What the exercise asks:
Could you give back the listing below exactly, every line included?

╭──

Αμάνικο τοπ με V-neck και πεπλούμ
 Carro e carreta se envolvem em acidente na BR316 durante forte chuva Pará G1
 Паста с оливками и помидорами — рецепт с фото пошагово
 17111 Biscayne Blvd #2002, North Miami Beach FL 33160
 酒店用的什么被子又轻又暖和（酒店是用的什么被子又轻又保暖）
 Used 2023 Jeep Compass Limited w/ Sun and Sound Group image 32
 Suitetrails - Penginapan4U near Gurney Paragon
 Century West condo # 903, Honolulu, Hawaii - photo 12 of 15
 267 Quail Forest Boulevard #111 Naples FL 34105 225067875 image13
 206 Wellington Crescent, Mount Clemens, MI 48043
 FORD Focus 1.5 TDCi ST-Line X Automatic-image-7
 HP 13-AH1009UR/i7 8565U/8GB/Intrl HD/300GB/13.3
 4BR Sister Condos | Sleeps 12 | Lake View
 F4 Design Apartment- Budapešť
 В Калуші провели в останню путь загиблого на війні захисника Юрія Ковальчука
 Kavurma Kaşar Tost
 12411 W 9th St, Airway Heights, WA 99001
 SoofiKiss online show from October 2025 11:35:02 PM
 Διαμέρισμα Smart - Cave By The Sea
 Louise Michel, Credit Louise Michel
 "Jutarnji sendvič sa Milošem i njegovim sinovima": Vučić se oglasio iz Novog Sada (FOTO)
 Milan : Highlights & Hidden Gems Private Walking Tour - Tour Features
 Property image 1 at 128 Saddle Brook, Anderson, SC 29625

╰──

Written response:
Αμάνικο τοπ με V-neck και πεπλούμ
 Carro e carreta se envolvem em acidente na BR316 durante forte chuva Pará G1
 Паста с оливками и помидорами — рецепт с фото пошагово
 17111 Biscayne Blvd #2002, North Miami Beach FL 33160
 酒店用的什么被子又轻又暖和（酒店是用的什么被子又轻又保暖）
 Used 2023 Jeep Compass Limited w/ Sun and Sound Group image 32
 Suitetrails - Penginapan4U near Gurney Paragon
 Century West condo # 903, Honolulu, Hawaii - photo 12 of 15
 267 Quail Forest Boulevard #111 Naples FL 34105 225067875 image13
 206 Wellington Crescent, Mount Clemens, MI 48043
 FORD Focus 1.5 TDCi ST-Line X Automatic-image-7
 HP 13-AH1009UR/i7 8565U/8GB/Intrl HD/300GB/13.3
 4BR Sister Condos | Sleeps 12 | Lake View
 F4 Design Apartment- Budapešť
 В Калуші провели в останню путь загиблого на війні захисника Юрія Ковальчука
 Kavurma Kaşar Tost
 12411 W 9th St, Airway Heights, WA 99001
 SoofiKiss online show from October 2025 11:35:02 PM
 Διαμέρισμα Smart - Cave By The Sea
 Louise Michel, Credit Louise Michel
 "Jutarnji sendvič sa Milošem i njegovim sinovima": Vučić se oglasio iz Novog Sada (FOTO)
 Milan : Highlights & Hidden Gems Private Walking Tour - Tour Features
 Property image 1 at 128 Saddle Brook, Anderson, SC 29625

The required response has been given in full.